5. Term. The term of this Agreement shall commence on the Effective Date of this Agreement and shall continue for a period of twelve months or the earlier completion of the services provided for in Section 2. The parties agree that KCI’s signature of this Agreement shall be taken as KCI’s authorization of Quick-Med to begin the Project work described in the Proposal. Either Quick-Med or KCI may terminate their relationship under this Agreement at any time and for any reason, with or without cause, by providing thirty (30) days prior written notice to the other party. Termination will not affect the right of Quick-Med to receive payment for services provided prior to such termination, according to the terms of this Agreement, nor will termination affect the obligations of the parties under this Agreement (except for those under Section 2 above).
6. Ownership and Access to Intellectual Property.
(a) Definitions (for the purposes of Section 6)
“Arising Intellectual Property” means Intellectual Property developed by either party arising from the work conducted under this Agreement.

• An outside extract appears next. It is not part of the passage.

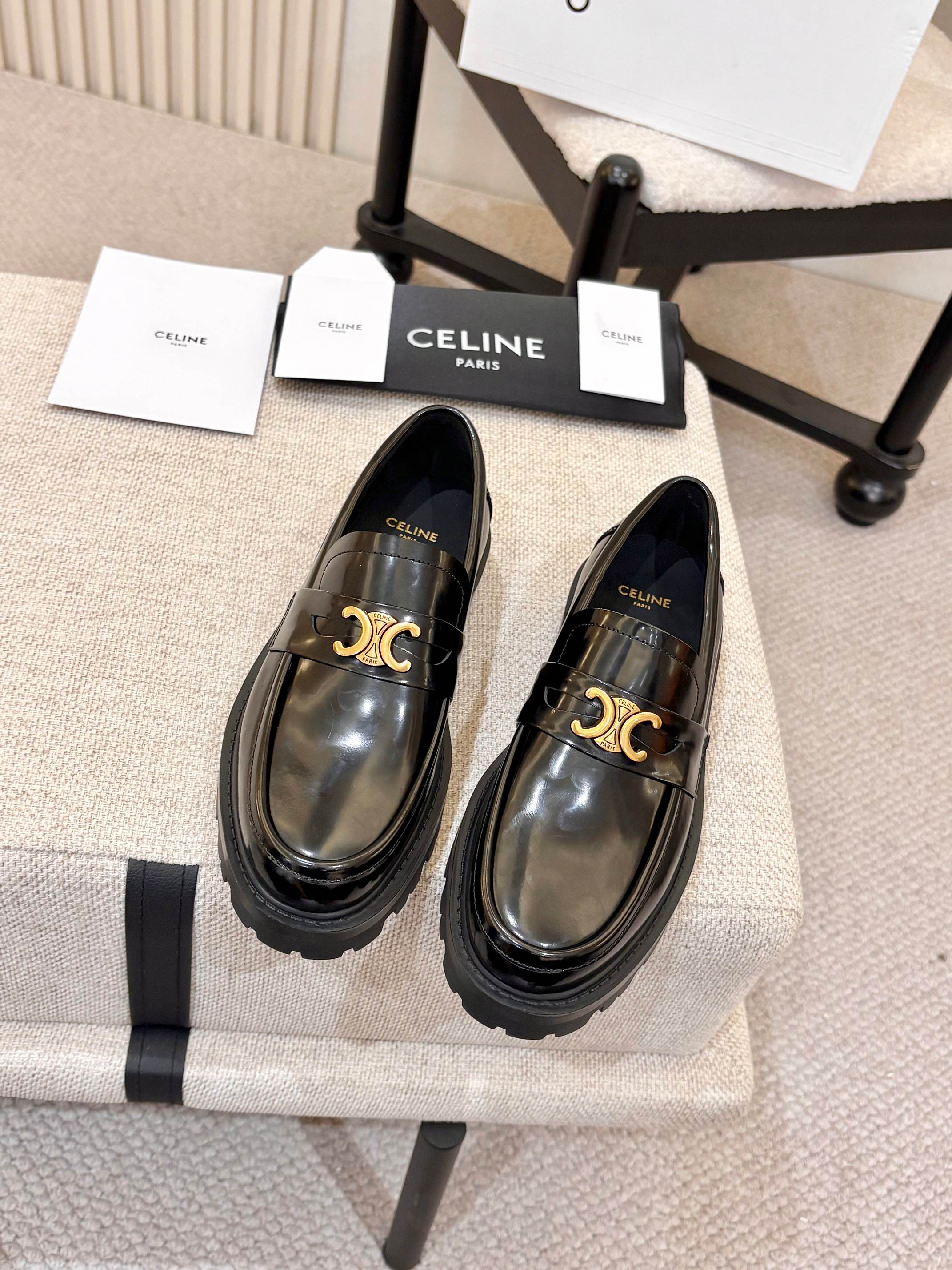 Celine Black Margaret Loafers with Triomphe in Polished calfskin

“Quick-Med Technology” means Quick-Med’s antimicrobial technology including NIMBUS® (Novel Intrinsically Micro-Bonded Utility Substrate) antimicrobial polymers;
“KCI Technology” means KCI’s *****.
(b) Ownership of Arising Intellectual Property. The parties agree that all Arising Intellectual Property relating to Quick-Med Technology shall be the property of Quick-Med, and that Quick-Med shall have the sole right to apply for, prosecute, and obtain patents that contain disclosures and claims relating only to Quick-Med Technology. The parties further agree that all Arising Intellectual Property relating to KCI Technology shall be the property of KCI, and that KCI shall have the sole right to apply for, prosecute, and obtain patents that contain disclosures and claims relating only to KCI Technology. The parties further agree that Arising Intellectual Property that relates both to Quick-Med Technology and to KCI Technology (“Joint Arising IP”) shall be the property of KCI, and that KCI shall have the sole right to apply for, prosecute, and obtain patents that contain disclosures and claims relating to Joint Arising IP. KCI grants Quick-Med a worldwide royalty-free exclusive (even as to KCI) license to Joint Arising IP outside of the Field with the right to sublicense Joint Arising IP outside of the Field to a third party. For the avoidance of doubt, any modification or improvement to the antimicrobial chemistry or formulation shall be the property of Quick-Med.
(c) General Provisions Relating to the Filing of Arising Intellectual Property. Each party shall keep the other party informed of new patent application filings and patent issuances resulting from this Agreement. The filing party will submit to the other party a full draft of any such patent application at least one month (30 days) prior to the filing thereof, and will make reasonable efforts to incorporate the input and suggestions of the other party prior to filing. The filing party shall make reasonable efforts to prosecute such filings broadly, so as to obtain protection both within and outside the Field. As to all Arising Intellectual Property, each party further agrees to reasonably assist the other party to obtain any Intellectual Property or other proprietary rights in such Arising Intellectual Property in any and all countries for which such other party is responsible, and such party will execute all documents for use in applying for and obtaining such rights and enforcing them as the other party may desire, together with any assignments of such rights to such other party or persons designated by such other party.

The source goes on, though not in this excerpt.